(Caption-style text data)
....................
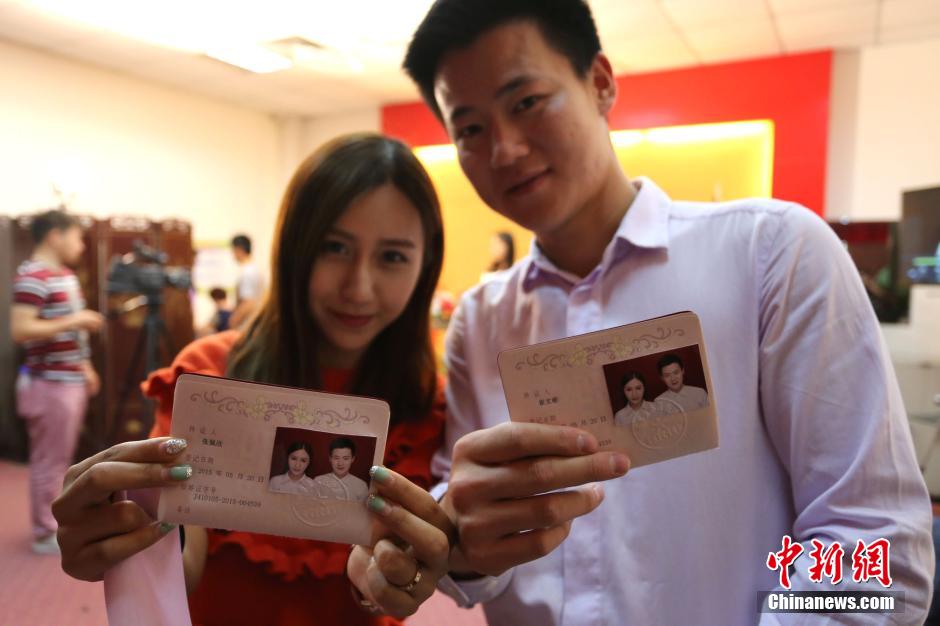 5月20日,河南鄭州,一對準新人領(lǐng)完結(jié)婚證后秀自拍。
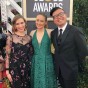 Allison Bird, Amanda Derzy and Robert Ahn pose on the red carpet before the 2018 Golden Globes.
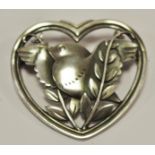 A Georg Jensen silver brooch designed by Arno Malinowski, model no,239, in heart-shaped rim, with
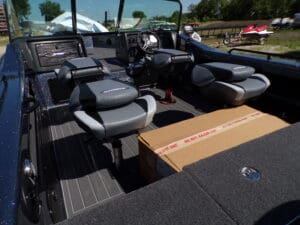 A boat with many seats and boxes on the back.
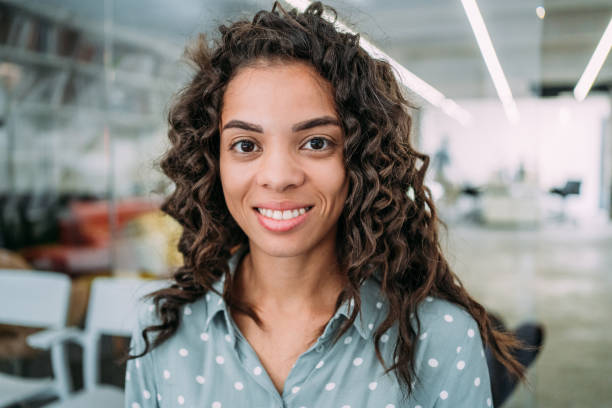 istock Confident businesswoman in modern office. 1370020934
....................
__Exercise instructions__:
Copy every record above exactly, leaving out any pictures.

__Reply__:
 5月20日,河南鄭州,一對準新人領(lǐng)完結(jié)婚證后秀自拍。
 Allison Bird, Amanda Derzy and Robert Ahn pose on the red carpet before the 2018 Golden Globes.
 A Georg Jensen silver brooch designed by Arno Malinowski, model no,239, in heart-shaped rim, with
 A boat with many seats and boxes on the back.
 istock Confident businesswoman in modern office. 1370020934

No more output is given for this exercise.